_Work request_: Everything in the listing below must be reproduced exactly, apart from its images.

_Raw data_:
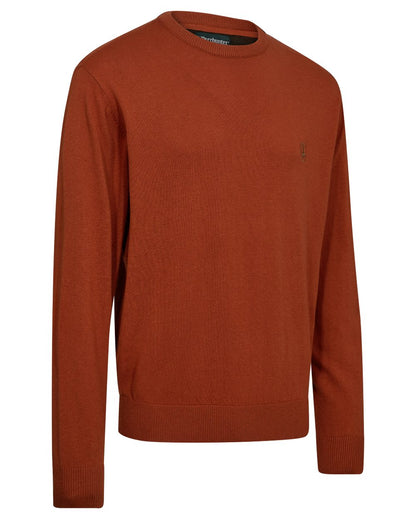 Oak Rust Melange coloured Deerhunter Mens Harrington O-Neck Knit Pullover on white background 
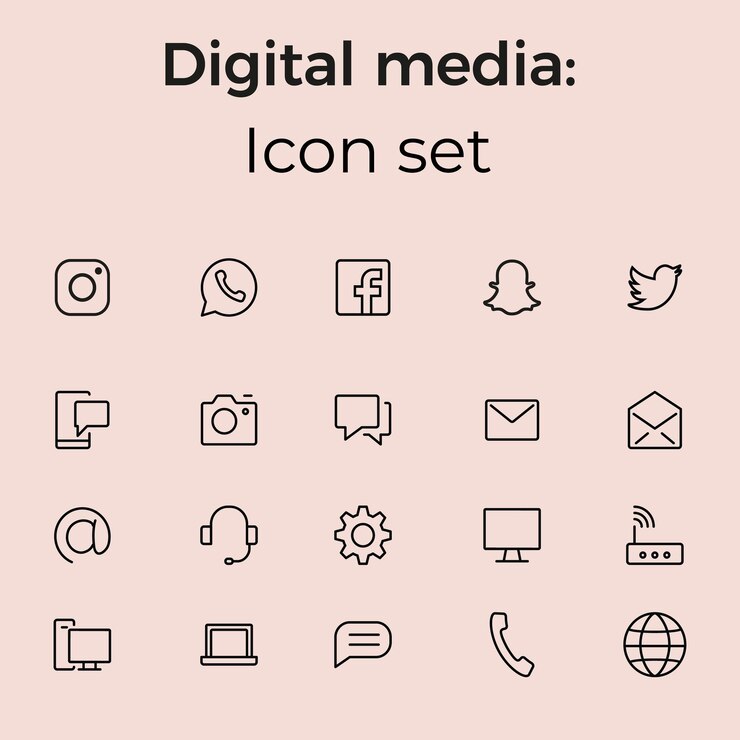 A pink background with the words digital media : icon set.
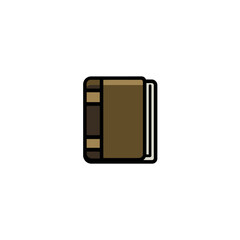 Closed brown book stands alone centered white space graphic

_Result below_:
 Oak Rust Melange coloured Deerhunter Mens Harrington O-Neck Knit Pullover on white background 
 A pink background with the words digital media : icon set.
 Closed brown book stands alone centered white space graphic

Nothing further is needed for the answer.